By Tim Lees
29th July 2014
Posted in Google Analytics, SEO
Understanding Google Analytics can be quite a daunting prospect if you are not familiar with the service. This series of guides aims to provide a simple introduction to help an owner of a website get the most out of their account. This guide is based on Google’s Universal Analytics rather than the Classic Google Analytics. If you want to know more about the differences and whether you are using one or the other please click here.
The audience overview page for Google Analytics is essentially your dashboard for website data, giving you a snapshot of core metric data concerning your site. Once you have logged in and selected your account, this will be the initial page that you see. I will go through the defaults that Google show on this page and I will then end the article showing how you can alter this view to suit your needs.
The main graphical data that makes up a good portion of the Audience overview is this overview tab. Analytics allows you to view visitor information about your website split into different metric types over a given time period (more on this later). If you click the selection drop down underneath the ‘Overview’ heading you will see the options to view data by the following:
Users are termed as unique visitors to your website. Each user might revisit your website a number of times over a period of time but that will only be classed as a single user to the website. Each visit to your website that a user has is classed as a ‘Session’.
A session is classed as a number of different interactions with your website (from basic page views to purchasing a product) by a user and can last as little as a few seconds or a number of hours. So for example a user could click a number of pages on your website over a period of a few minutes: this would be classed as a session. A session expires once there has been a period of inactivity by the user (30 minutes) or is reset at the beginning of each day (expiry can also take place through variant campaigns but at this point we don’t need to concern ourselves with this). If I browsed your website and left my computer with your website open and returned over 30 minutes later and began browsing your website again this would then be classed as a new session.
An easy one to understand. This counts the different page views on your website. Repeated page views of the same page are still counted uniquely.
This filter view takes the number of sessions against the pageviews and gives you an average of how many pages are viewed per session.
With bounce rates bigger is definitely not classed as better. Bounce rate is what is classed as a user directly going to a page on your website and then leaving without interacting further with any elements of your website. The higher the bounce rate percentage the worse this is for your website as it is essentially telling you that your users are not engaging with your website.
Another fairly self explanatory one: this tells you the amount of time, on average, users are interacting with the website per session.
An estimated percentage of first time sessions to your website.
You may, for example, want to compare the amount of new users your website has had and correlate that with bounce rate percentage. Analytics allows you to do this by selecting a vs. metric that then updates your main graph to show these two comparisons.
By default Google Analytics serves this content on a per day basis. This view can be altered to Hourly, Week or Month. Viewing by month gives you a nice idea of whether your metrics are increasing or decreasing.

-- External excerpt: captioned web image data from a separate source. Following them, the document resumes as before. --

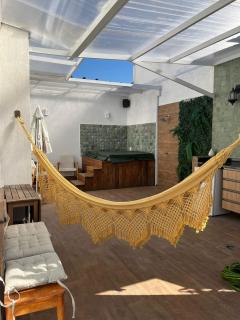 Cobertura Incrível, silenciosa e familiar com sala ampla, cozinha americana, 3 quartos, área gourmet, terraço aberto com churrasqueira e jacuzzi na Praia da Barra da Tijuca - Rio de Janeiro - apto inteiro só pra você - Rio de Janeiro - 7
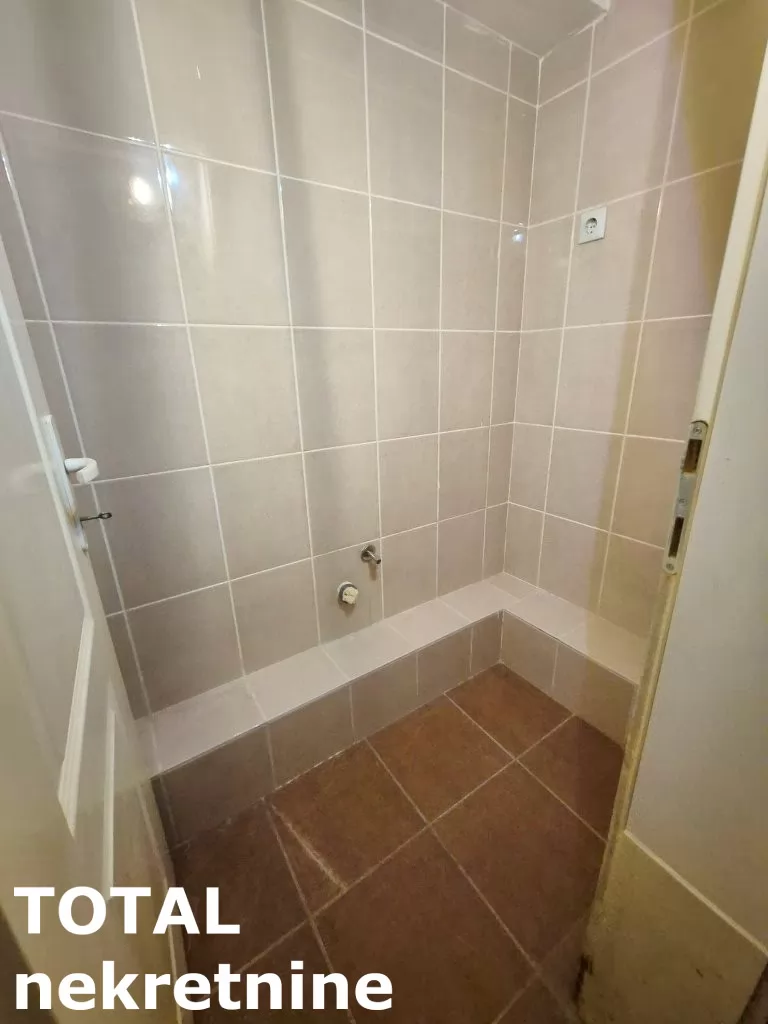 Lokal,NOVI SAD,CENTAR,kv: 25.00, € 38000, ID: 8089766 10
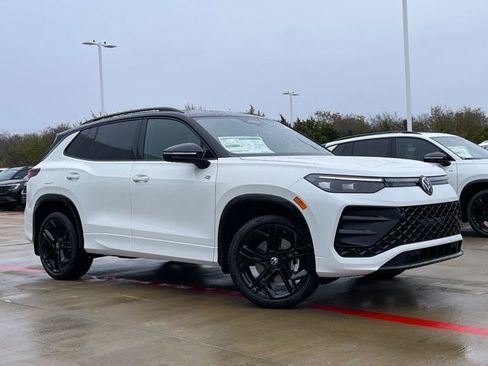 New 2026 Volkswagen Tiguan SE R-Line image 5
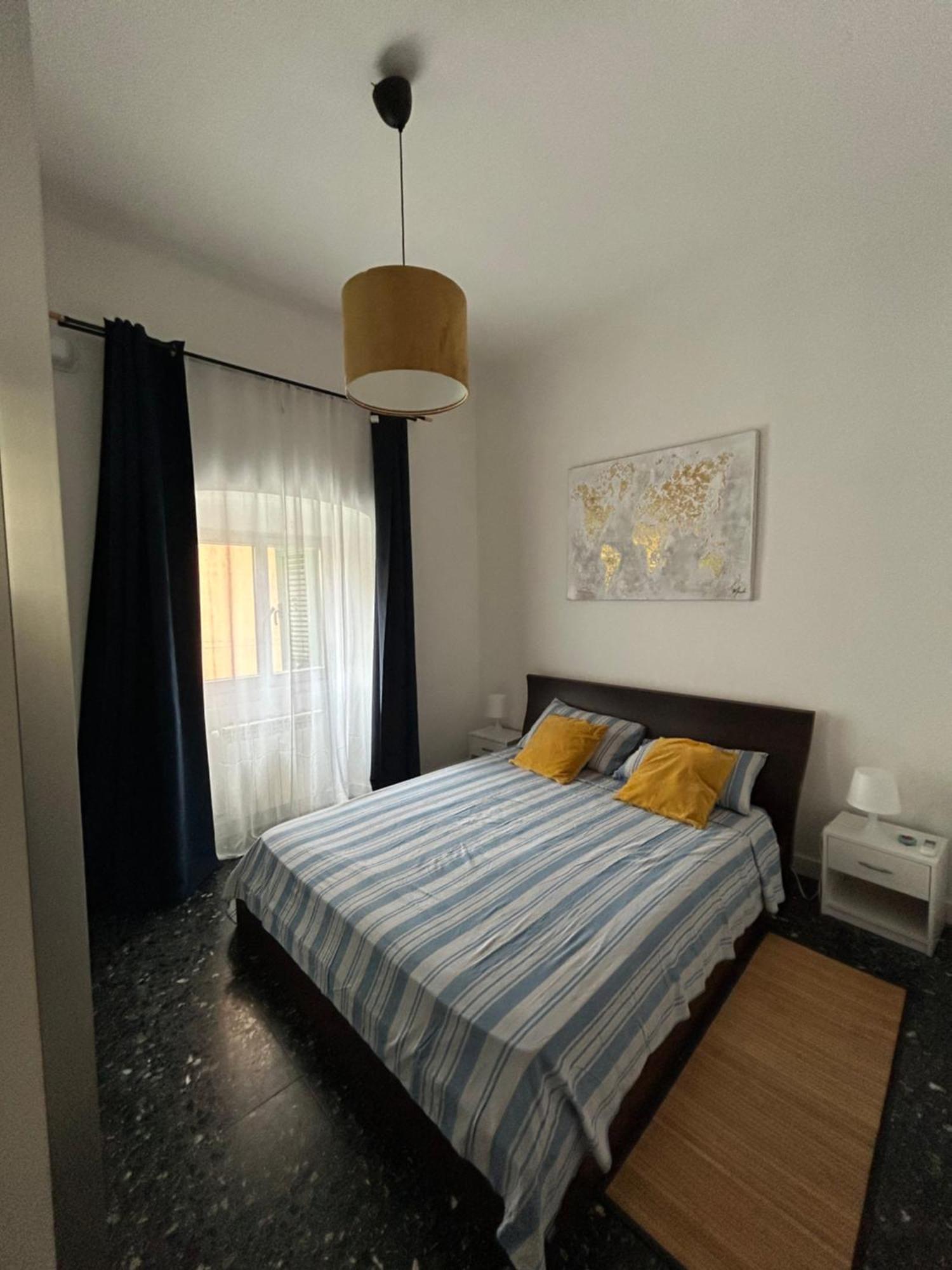 Appartamento Confortevole Генуа Екстериор снимка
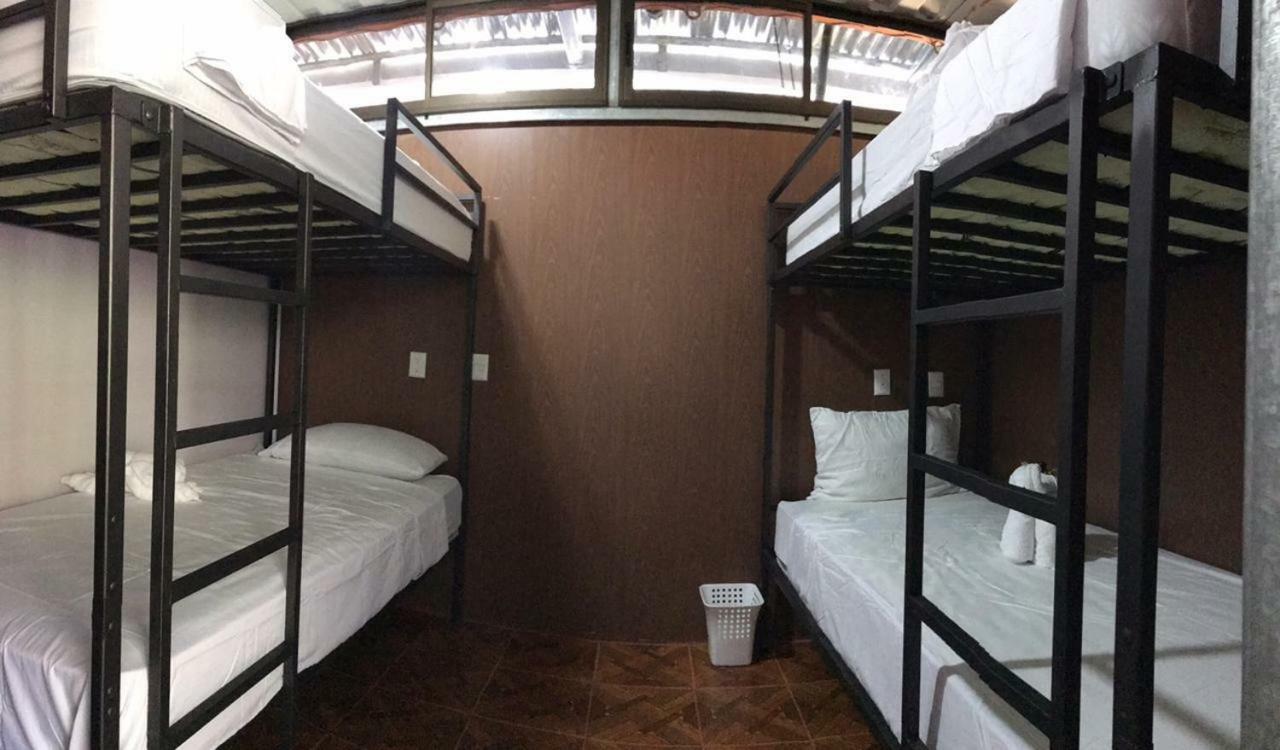 The Jungle Container Bed & Breakfast Quepos Luaran gambar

A very handy tool is to set the timeframe you want to view these metrics by. You will see a date picker at the top right hand side of the page.
Clicking into this allows you to pick your own start and end date. So if you wanted to see the last 6 months’ worth of data rather than the last month’s then you can set a new start date to allow for this.

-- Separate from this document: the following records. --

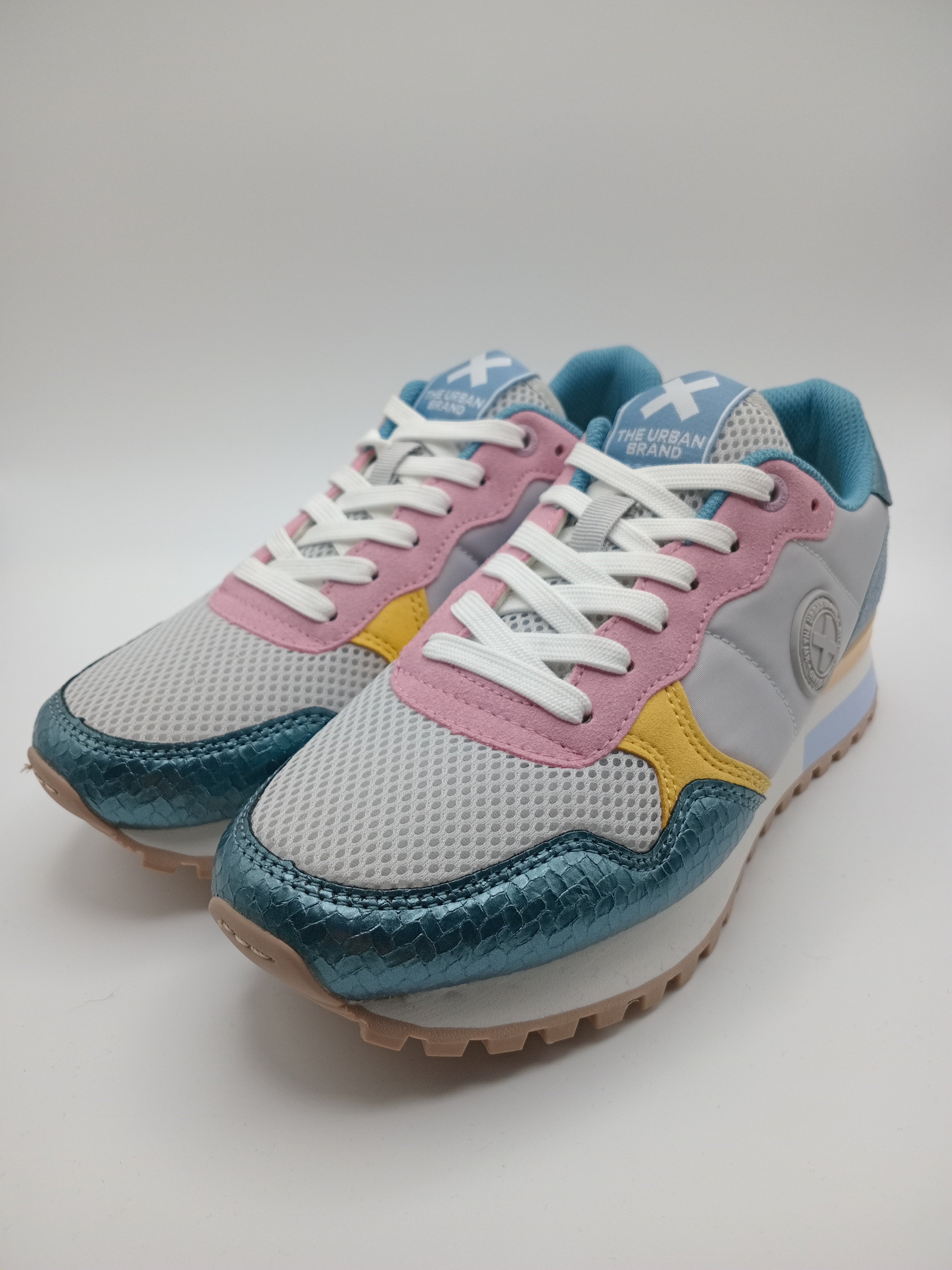 TÊNIS XTI AZUL CINZA AMARELO ROSA TECIDO SPORT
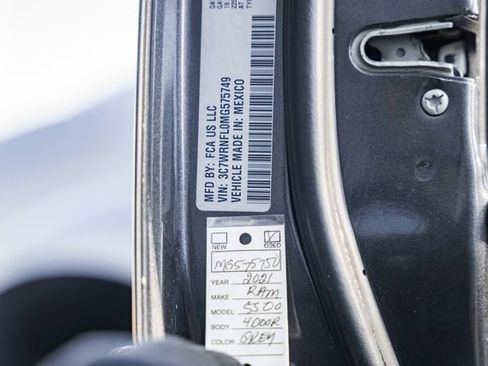 Used 2021 RAM 5500 SLT w/ Quick Order Package 2YG SLT image 51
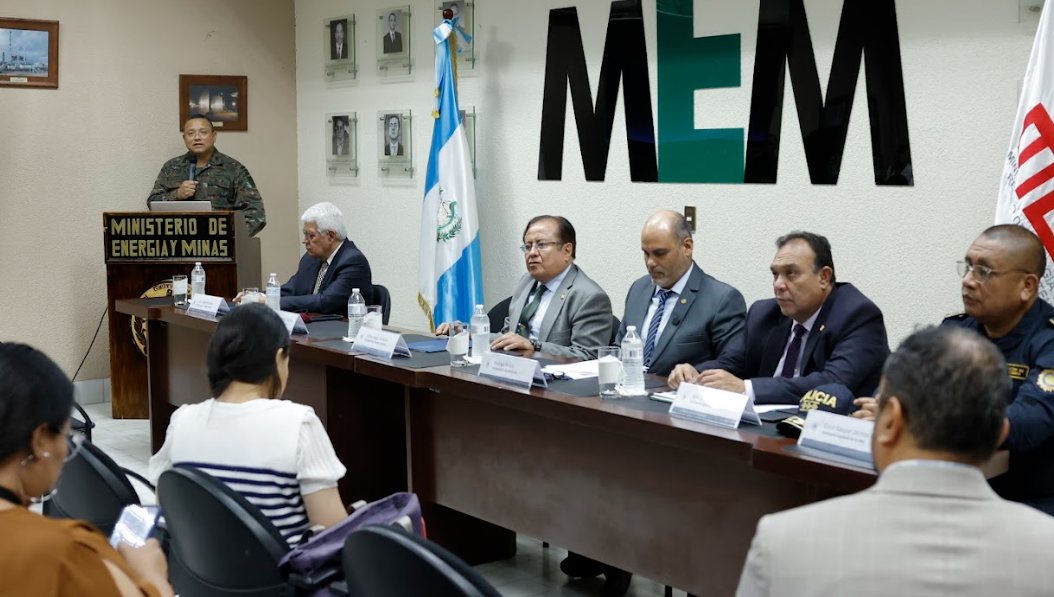 Gobierno refuerza seguridad en instalaciones que entregará Perenco en el parque nacional Laguna del Tigre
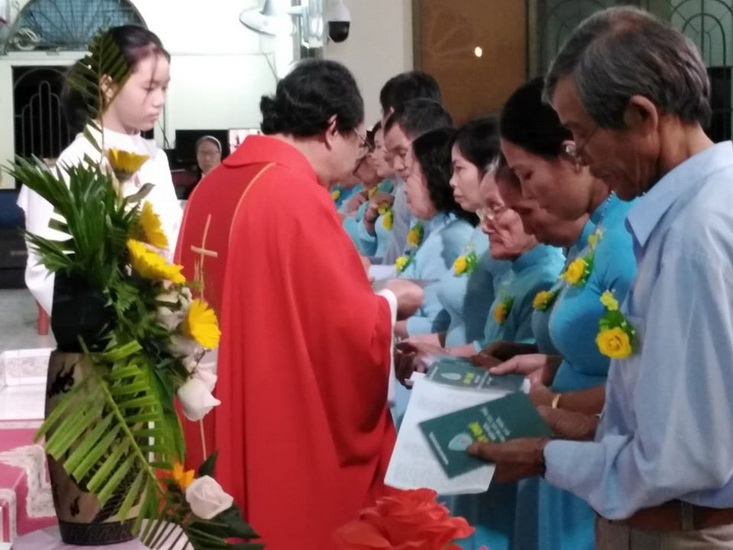 HH MTGQNTT tổ chức Lễ Cam Kết lần đầu và Chuyên Biệt tại nhà thờ Qui Hiệp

A very handy element to this already very handy tool is that you can choose a comparative period so that you can compare how your current metrics are comparing to say this time last year.

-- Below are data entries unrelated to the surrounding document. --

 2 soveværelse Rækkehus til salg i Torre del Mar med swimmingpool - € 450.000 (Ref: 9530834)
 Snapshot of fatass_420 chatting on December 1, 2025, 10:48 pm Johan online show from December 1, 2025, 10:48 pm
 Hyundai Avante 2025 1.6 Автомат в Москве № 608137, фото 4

Underneath your main metric graph you will see a number of other small graph snapshot images detailing each metric.
A simple pie chart that allows you to see the percentage of new visitors with returning visitors.
All the data above is great but ideally you need some context regarding where that data is coming from. This is where this segment of the Audience Overview page comes in.
Handily Google allows you to see basic information about where your traffic is coming from. Unless you are a true global brand the first two options of ‘Language’ and ‘Country/Territory’ should throw no surprises for you. The ‘City’ option is extremely useful to see where users are specifically coming from. For example, if you are a local business offering a local service based in Stafford and your website is optimised to promote this locality then you would expect and hope to see the majority of your visits to come from ‘Stafford’. If this is not the case then some tweaking is required to your website.
‘System’ allows you to view how your visitor numbers are split by browser, operating system and service provider.
‘Mobile’ shows you the percentage of visitors by operating system, service provider and screen resolution.
Segments are a powerful reporting tool that allows you to segment off your metrics. For example if you wanted to know how much of your traffic was coming from a particular geographical area eg ‘Show me all visitors who located in London’ or how much of your traffic has led to a purchase on your website then this tool allows you to do this. Segments is a fairly in depth tool in its own right and will be covered in detail in a future post.
In this first part of understanding Google Analytics basics we have covered the Audience Overview page. You can see that this is a very useful ‘at-a-glance’ overview of your visitor metrics and is designed to give you an immediate report on how well your website is doing.